Start of Provided data

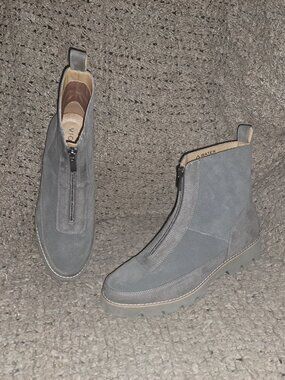 VIONIC-ESTILO-Greige 2 Tone Suede-Top Zip-Water Repellent Boots-Sz 7.5-Near Min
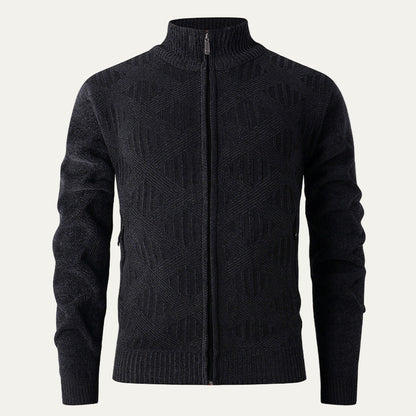 Men's Stylish Patterned Zip Up Sweater
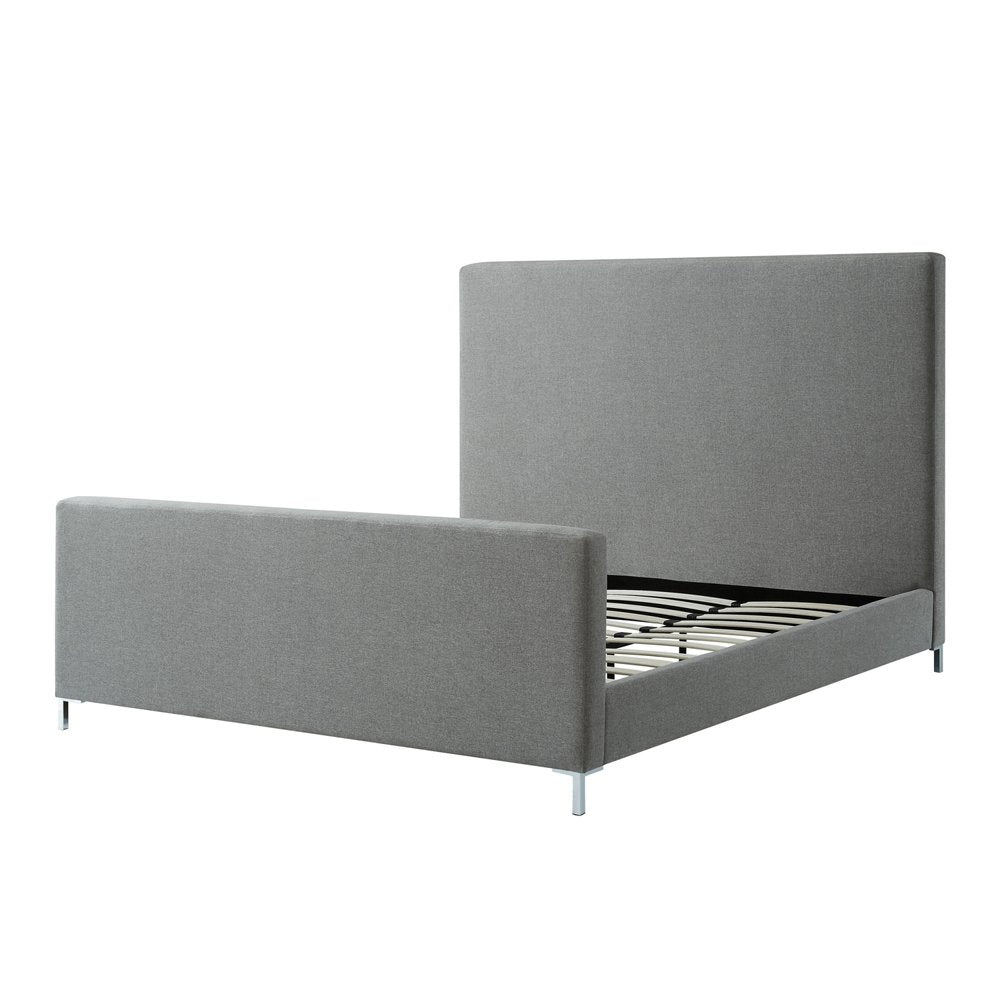 Denim Blue Solid Wood King Upholstered Linen Bed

End of Provided data

_Your assignment_
Could you copy exactly, and with no pictures, the lines above from the one containing "Men's Stylish Patterned Zip Up Sweater" through the last line, both included?

_Worked solution_
 Men's Stylish Patterned Zip Up Sweater
 Denim Blue Solid Wood King Upholstered Linen Bed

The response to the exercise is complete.